**TASK DETAILS:**
Starting at the line with "Euro-banknoten und -Münzen" in it, reproduce each line below through the last one, exactly, and include nothing else.

*** Block opens ***

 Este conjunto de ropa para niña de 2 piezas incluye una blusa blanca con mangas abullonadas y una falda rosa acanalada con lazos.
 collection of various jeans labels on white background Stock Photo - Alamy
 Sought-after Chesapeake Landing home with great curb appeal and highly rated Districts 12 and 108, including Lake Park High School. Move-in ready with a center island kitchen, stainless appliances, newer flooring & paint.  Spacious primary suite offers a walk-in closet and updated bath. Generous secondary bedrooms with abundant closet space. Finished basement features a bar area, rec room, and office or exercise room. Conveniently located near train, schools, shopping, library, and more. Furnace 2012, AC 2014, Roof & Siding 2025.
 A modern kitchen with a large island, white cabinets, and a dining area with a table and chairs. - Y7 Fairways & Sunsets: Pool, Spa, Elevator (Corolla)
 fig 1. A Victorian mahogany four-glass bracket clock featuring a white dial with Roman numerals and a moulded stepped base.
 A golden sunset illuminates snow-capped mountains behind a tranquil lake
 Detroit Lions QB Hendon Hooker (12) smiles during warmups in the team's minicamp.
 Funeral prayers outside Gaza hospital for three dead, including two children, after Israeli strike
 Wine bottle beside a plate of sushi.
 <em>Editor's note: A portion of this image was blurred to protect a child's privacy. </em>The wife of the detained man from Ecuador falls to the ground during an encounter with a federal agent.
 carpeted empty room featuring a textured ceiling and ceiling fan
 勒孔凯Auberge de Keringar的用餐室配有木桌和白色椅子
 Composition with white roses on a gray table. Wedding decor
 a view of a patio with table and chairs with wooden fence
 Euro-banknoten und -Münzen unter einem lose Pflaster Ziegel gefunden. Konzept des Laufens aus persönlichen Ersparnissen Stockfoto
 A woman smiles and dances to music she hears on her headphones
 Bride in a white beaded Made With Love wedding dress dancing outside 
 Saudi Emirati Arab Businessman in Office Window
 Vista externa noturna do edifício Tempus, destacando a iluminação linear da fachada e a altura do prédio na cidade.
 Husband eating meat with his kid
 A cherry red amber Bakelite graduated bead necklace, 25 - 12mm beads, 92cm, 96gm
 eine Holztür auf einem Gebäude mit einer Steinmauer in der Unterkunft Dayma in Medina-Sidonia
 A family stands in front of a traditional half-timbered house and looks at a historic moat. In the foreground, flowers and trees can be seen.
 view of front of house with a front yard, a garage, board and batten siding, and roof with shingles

*** Block closes ***

**FINAL ANSWER:**
 Euro-banknoten und -Münzen unter einem lose Pflaster Ziegel gefunden. Konzept des Laufens aus persönlichen Ersparnissen Stockfoto
 A woman smiles and dances to music she hears on her headphones
 Bride in a white beaded Made With Love wedding dress dancing outside 
 Saudi Emirati Arab Businessman in Office Window
 Vista externa noturna do edifício Tempus, destacando a iluminação linear da fachada e a altura do prédio na cidade.
 Husband eating meat with his kid
 A cherry red amber Bakelite graduated bead necklace, 25 - 12mm beads, 92cm, 96gm
 eine Holztür auf einem Gebäude mit einer Steinmauer in der Unterkunft Dayma in Medina-Sidonia
 A family stands in front of a traditional half-timbered house and looks at a historic moat. In the foreground, flowers and trees can be seen.
 view of front of house with a front yard, a garage, board and batten siding, and roof with shingles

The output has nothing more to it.